**Exercise requirements:** Would you go through the records below and copy each line with the string "Marron"?

Short web captions
:::

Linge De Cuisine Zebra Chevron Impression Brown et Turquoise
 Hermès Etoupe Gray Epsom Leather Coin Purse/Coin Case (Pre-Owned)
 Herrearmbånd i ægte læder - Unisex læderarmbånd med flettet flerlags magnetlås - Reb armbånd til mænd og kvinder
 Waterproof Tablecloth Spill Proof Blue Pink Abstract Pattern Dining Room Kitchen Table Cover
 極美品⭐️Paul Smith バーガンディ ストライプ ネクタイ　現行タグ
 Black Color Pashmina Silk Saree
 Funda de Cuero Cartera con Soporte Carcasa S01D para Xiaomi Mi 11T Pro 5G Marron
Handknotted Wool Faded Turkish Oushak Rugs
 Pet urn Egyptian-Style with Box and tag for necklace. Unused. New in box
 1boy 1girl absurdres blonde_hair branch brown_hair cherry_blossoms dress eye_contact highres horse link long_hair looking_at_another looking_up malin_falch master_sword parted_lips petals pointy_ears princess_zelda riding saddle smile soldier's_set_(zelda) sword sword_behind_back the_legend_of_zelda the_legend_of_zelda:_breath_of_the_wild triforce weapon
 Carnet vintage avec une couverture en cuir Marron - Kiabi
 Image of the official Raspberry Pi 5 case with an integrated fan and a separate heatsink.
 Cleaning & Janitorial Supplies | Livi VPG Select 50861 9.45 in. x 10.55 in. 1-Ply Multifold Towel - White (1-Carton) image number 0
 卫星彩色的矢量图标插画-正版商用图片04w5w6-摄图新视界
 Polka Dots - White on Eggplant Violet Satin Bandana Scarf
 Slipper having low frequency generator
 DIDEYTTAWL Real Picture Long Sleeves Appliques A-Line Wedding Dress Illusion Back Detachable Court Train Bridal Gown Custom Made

:::

**Solution to this exercise:**
 Funda de Cuero Cartera con Soporte Carcasa S01D para Xiaomi Mi 11T Pro 5G Marron
 Carnet vintage avec une couverture en cuir Marron - Kiabi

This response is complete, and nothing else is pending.